TASK PROMPT: Return an exact copy of the lines from the one holding "Apartment Blue Palm *" to the end of the data, including both the starting and final lines. Leave the pictures out.

Top of INFORMATION PROVIDED

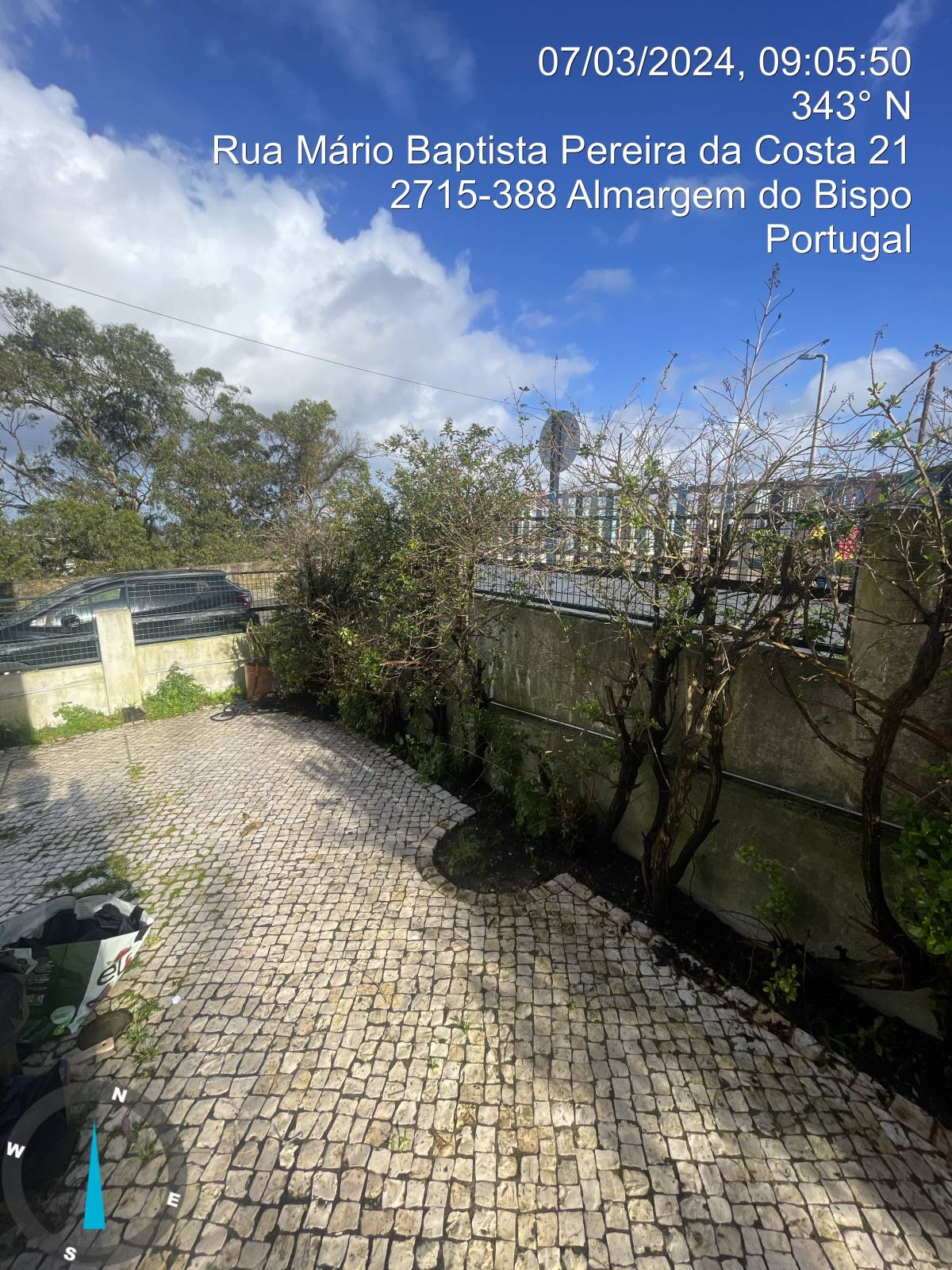 Raphael Giunco - Sintra - Tree Stump Grinding and Removal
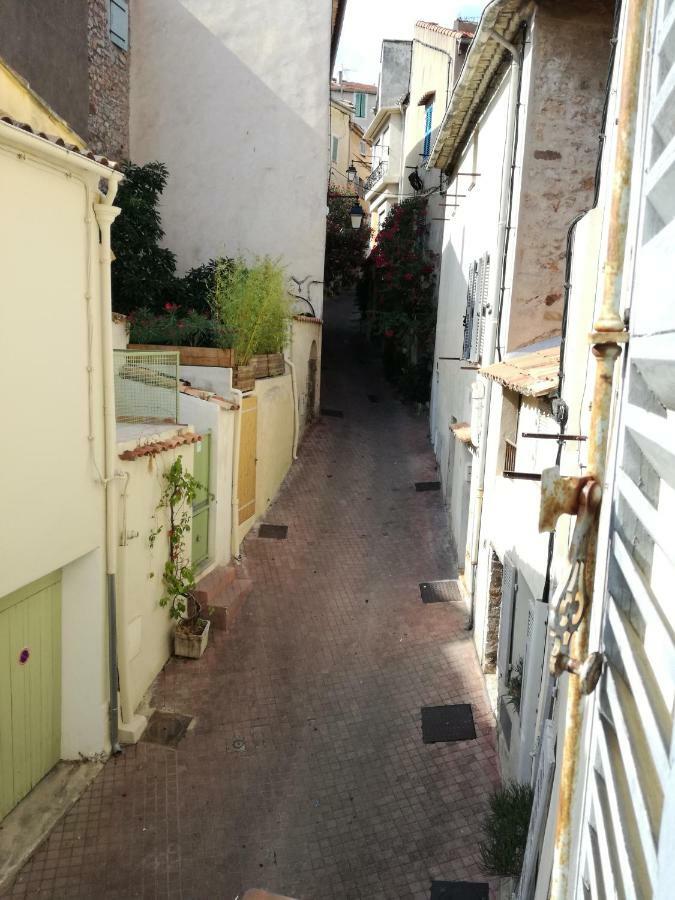 Apartment Blue Palm *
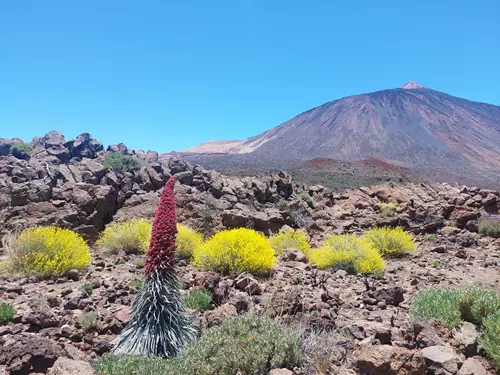 Tenerife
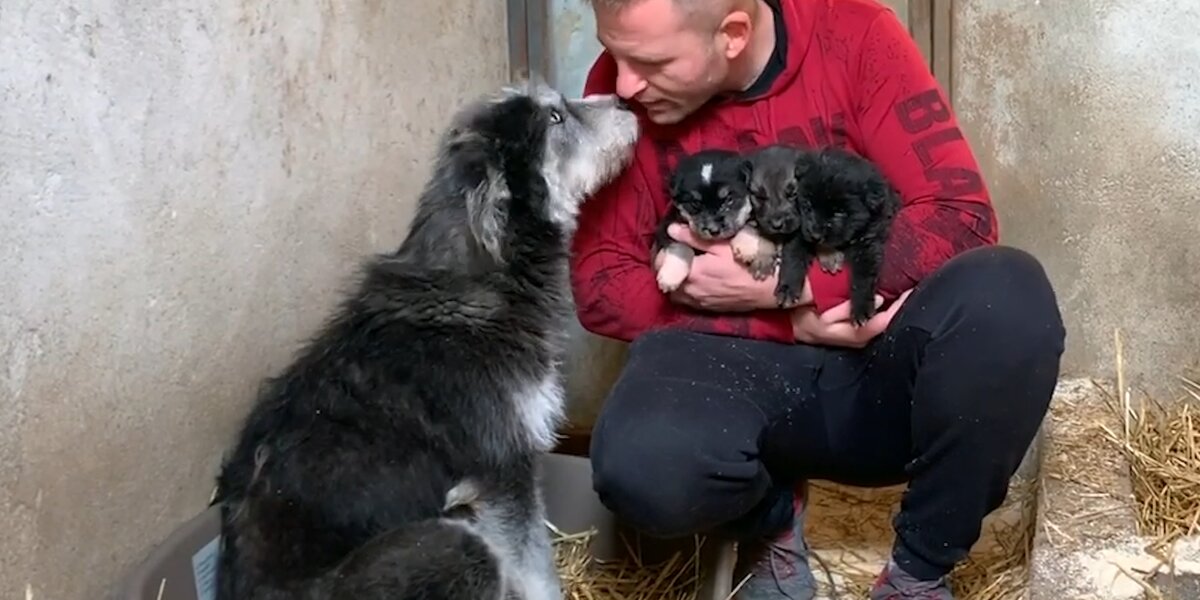 Stray Dog Asks Man To Save Her Babies - Videos - The Dodo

Bottom of INFORMATION PROVIDED

RESPONSE AREA:
 Apartment Blue Palm *
 Tenerife
 Stray Dog Asks Man To Save Her Babies - Videos - The Dodo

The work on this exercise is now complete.